Какие-то планы (неважно, общие или крупные) теперь друг с другом вроде как и не монтируются.
Но, может быть, в этой противоестественности состыковавшегося вдруг тогда – и своеобразие обстановки, в какой предпоследний раз встречались Агеев с Лагутиным?
Лагутин появился у служебного входа с объемистым светло-коричневым портфелем, как аспирант, непринужденно улыбающийся, открытый и приветливый, словно бы и не озабоченный предстоящим в уже наступившем вечере событием, едва ли не решающим для всей его дальнейшей жизни.
Владимир Юрзинов, нынешний второй тренер хоккейной сборной, а тогда игрок московского «Динамо» и студент факультета журналистики, пришел в Зеленый театр посмотреть, как работают спортивные репортеры – два наших опытных товарища готовили комментарий, основанный на беседах с любителями бокса.

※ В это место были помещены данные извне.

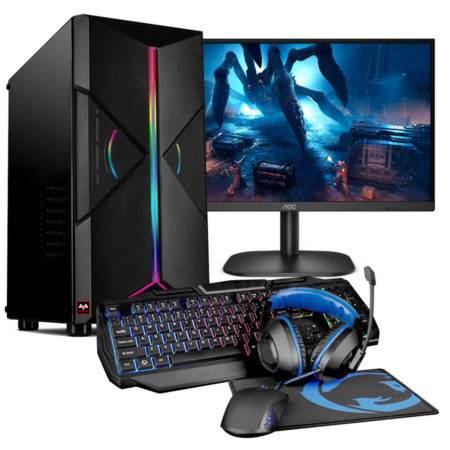 Pcman Game Pc Viper - AMD Ryzen 5 4600G - 8 GB - 240 GB SSD + Monitor + Headset + Muis + Toetsenbord met Windows 11 Pro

Юрзинов и Лагутин обменялись приятельским рукопожатием.
– Валя жалела, что не сможет прийти, – сказал Юрзинов.
– А зачем на все это смотреть? – с интонацией, трудно передаваемой, но сразу расположившей меня к Лагутину, сказал противник Агеева. И мне обидно стало, что именно этим двум людям – кому-то одному из двух, вернее, – предстоит сегодня серьезное огорчение.
А до поединка еще оставалось время – и причудливая драматургия сегодняшнего вечера неожиданно для обоих соперников свела Агеева с Лагутиным до того, как вызвали их на ринг, хотя вряд ли хотели они в тот момент видеть друг друга.
Мы с Агеевым опять остались вдвоем, но совсем ненадолго – к Виктору подошел Королев. Он начал говорить чтото полагающееся к случаю. Однако Агеев не был бы Агеевым и здесь не созорничав.
– Кто, по-вашему, победит, Николай Федорович? – обычно перед боем боксеры не задают таких вопросов, не принято.
– Разные вы очень, – задумался Королев. – Ты, Витя, вертишься, как… сосиска…
– А если бы на улице подрались? – Агеев не стал дожидаться, пока Николай Федорович так же образно охарактеризует Лагутина.
Королев огорчился. Не привык он к несерьезному разговору перед боем – не нравился ему тон Виктора.
И вот тут-то и произошла незапланированная встреча – фотограф из «Огонька» подвел несколько ошеломленного бестактностью корреспондента Лагутина: «Вот вместе с Николаем Федоровичем и снимитесь».
Снимок опубликовали в журнале: Агеев, Королев, Лагутин. И я – невидимый, за кадром, озадаченный профессиональной хваткой коллеги.
А не рвусь ли я – задаю себе сейчас вопрос, – не рвусь ли, по прошествии времени, все-таки попасть, втиснуться в памятный кадр, куда совершенно справедливо не включил меня тогда – я-то был при чем? – фотокорреспондент Анатолий Бочинин?
«А если и так?» – сам себе отвечу вопросом на вопрос.
Я вижу и себя в рассматриваемых событиях – и за собой хочу проследить в течение времени.